Tariff slows US pork exports to Mexico
November 22, 2010
by Bryan Salvage
Mexico is the leading destination for U.S. pork exports by volume and the second-largest market next to Japan in terms of value. Exports to Mexico set an all-time record in 2009 and appeared to be headed for another record performance this year. But export activity slowed in September, and one major factor may have been the 5% tariff imposed by Mexico as a result of the North American Free-Trade Agreement (NAFTA) trucking dispute.
In comparing September to August, total US pork and pork variety-meat exports to Mexico fell by approximately 12%. But exports of hams and shoulders – the cuts subject to the new tariff – dropped by more than 20%. Meanwhile, Canada’s pork exports to Mexico – which are not subject to the tariff – increased by more than 30%.
It is difficult to draw solid conclusions based on only one month’s results, but those who downplayed the significance of the tariff may have underestimated its impact, said Philip Seng, US Meat Export Federation president and CEO.

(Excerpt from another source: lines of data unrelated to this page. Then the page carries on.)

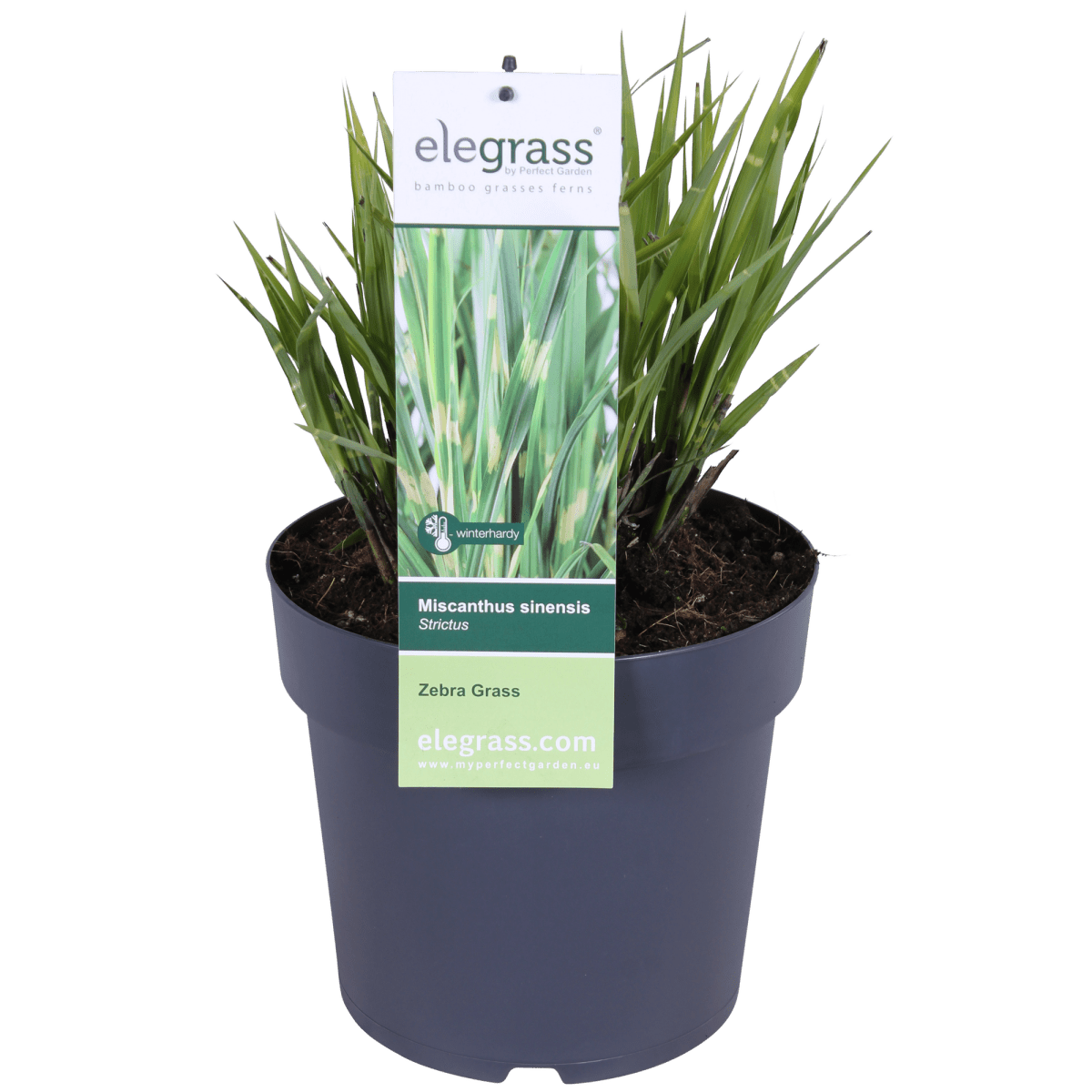 Miscanthus Sinensis Strictus H 60 cm - 6807 - PlantenShop24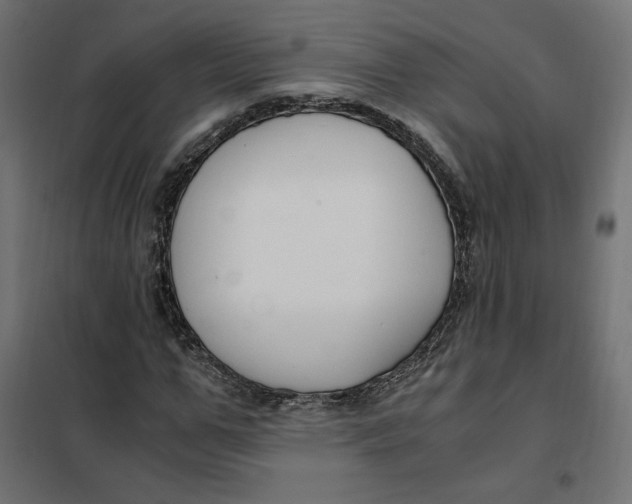 X0000101410967200807281022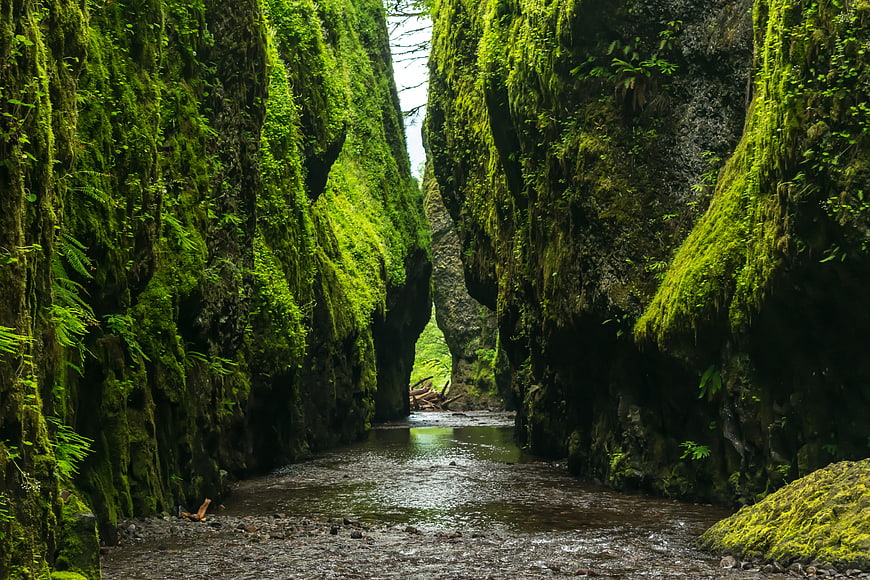 Mossy Rock Canyon with Stream and Ferns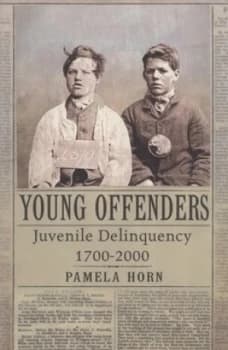 Young Offenders by Pamela Horn Hardback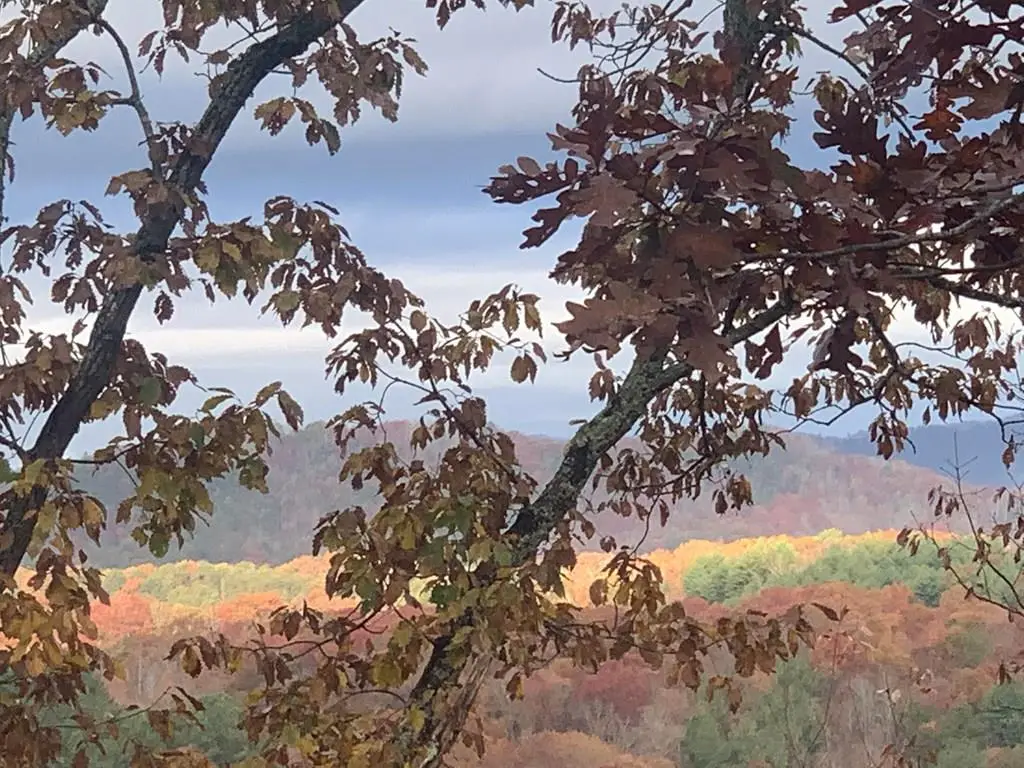 Lot 24 Grand Laurel, Brasstown, NC 28902 - #1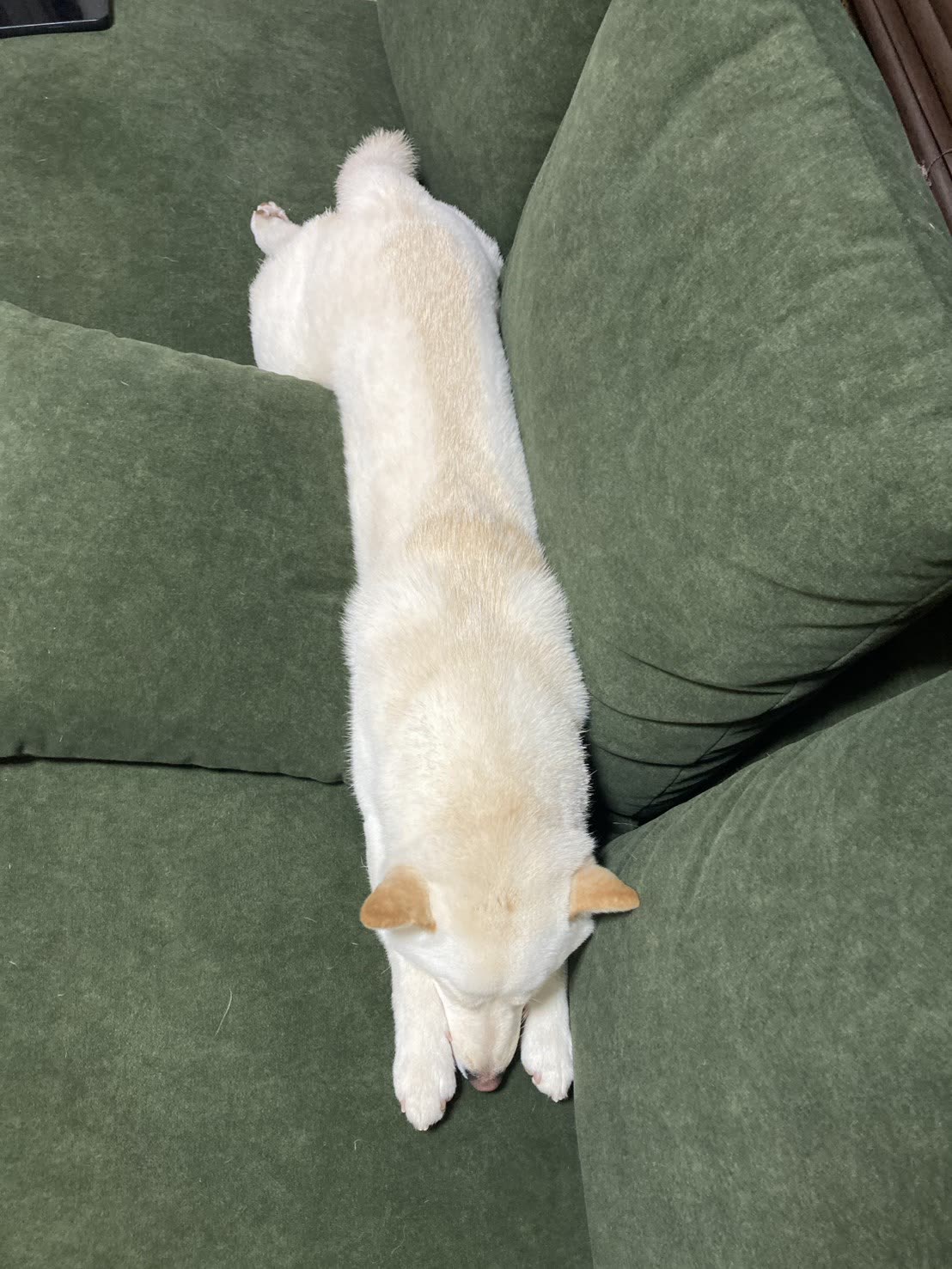 しん屋のマスコット 愛犬うどん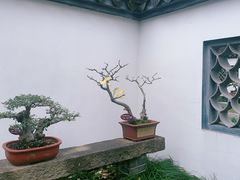 -上海醉白池公园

“Mexico right now is the leading market as far as our total pork export volume is concerned,” Seng said. “On the other hand, this imposition of this duty on trucking that was imposed last August at 5% does have an impact. For example, you’re talking about a market that’s very price-sensitive and anything that would raise our prices vis a vis Canada would be a setback. Basically, that 5% nullifies the trade advantage we have in dealing with Mexico. In many ways, this is a disadvantage to US industry and I think the numbers in September versus August is starting to bear that out.”
The US’s main pork competitor to Mexico is Canada and Canada’s exports rose sharply this September. Seng points out this came at a time when the Canadian dollar actually gained strength compared to the US dollar.
“Although the Canadian dollar has increased vis a vis the dollar and the peso increased vis a vis the dollar, still the fact that you’ve had an increase in the duty that has probably been more pronounced as far as impacting the trade situation,” Seng said. “It’s unfortunate, but this is a situation we’re dealing with right now. And as we look at this, just August vs. September the number is down 20% from where we were so that is a significant impact in just a month’s time.”